Is this not one of the deepest fears we have? That the simplicity, wonder and love of life will leave us, and nothing will ever fill the void? Some refer to it as angst; I prefer what Pascal wrote in Pensees:
"What else does this craving, and this helplessness, proclaim but that there was once in man a true happiness, of which all that now remains is the empty print and trace? This he tries in vain to fill with everything around him, seeking in things that are not there the help he cannot find in those that are, though none can help, since this infinite abyss can be filled only with an infinite and immutable object; in other words by God himself."

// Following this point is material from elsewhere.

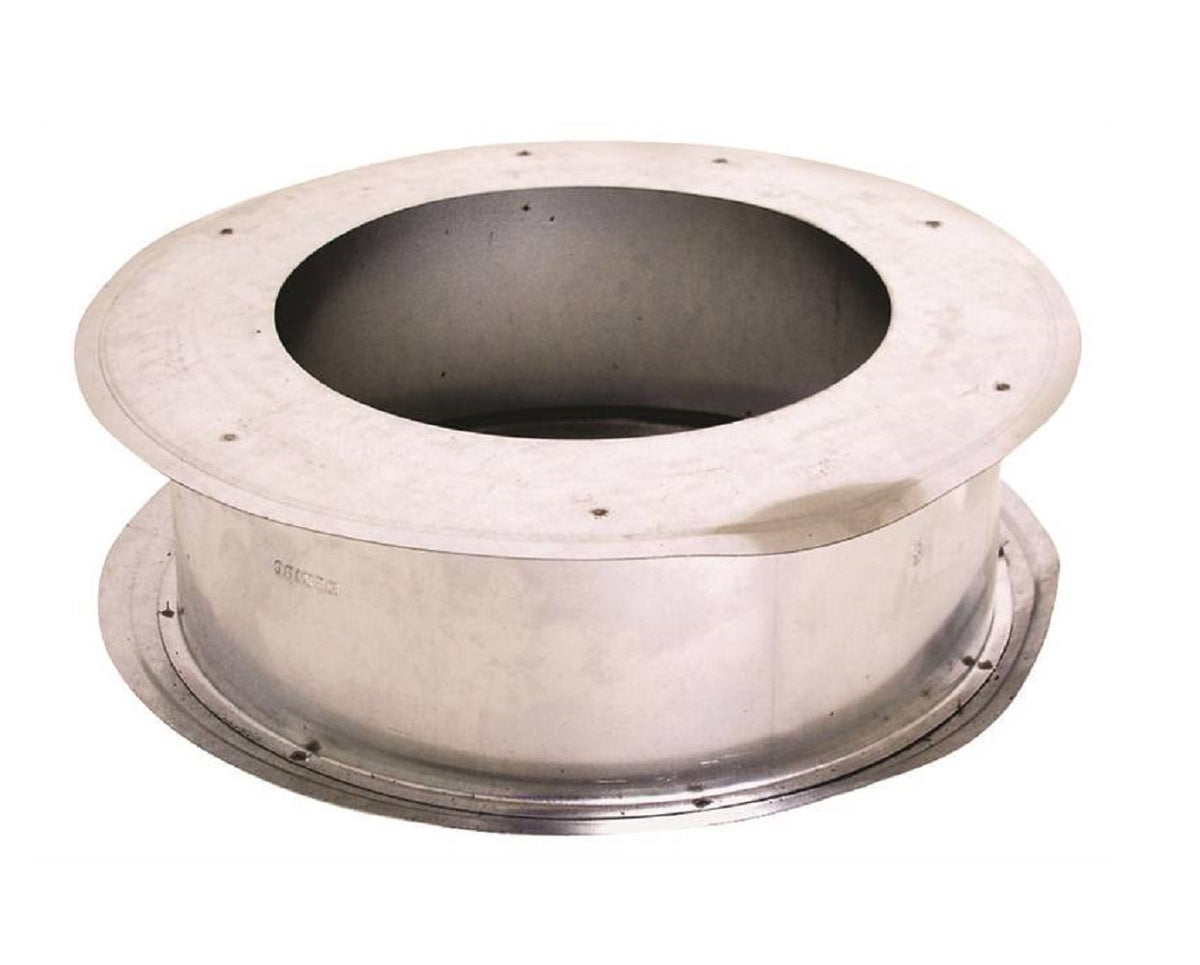 AmeriVent 3EWT Wall Thimble, Galvanized Steel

Part of our universal human experience is a sense that something is missing, even in the midst of the pursuit of happiness. Our hearts are restless. Fortunately, the narrator realizes that there is more to life than emptiness and destruction. When he hears Lettie's family speak ancient words of life and power as they fight against the encroaching void that seeks to annihilate him, he knows there is an answer:
"In my dreams I spoke that language too, the first language.. nothing said in that language can be a lie... Once I dreamed I kept a perfect little bed and breakfast by the seaside, and to everyone who came to stay with me I would say, in that tongue, 'Be whole,' and they would become whole, not be broken people, not any longer..."
Ah, yes. That is indeed the answer. If only someone had the power to bring beauty from despair, to heal broken bodies and souls. It's the greatest hope that counters our bleakest despair. It's a story that never gets old.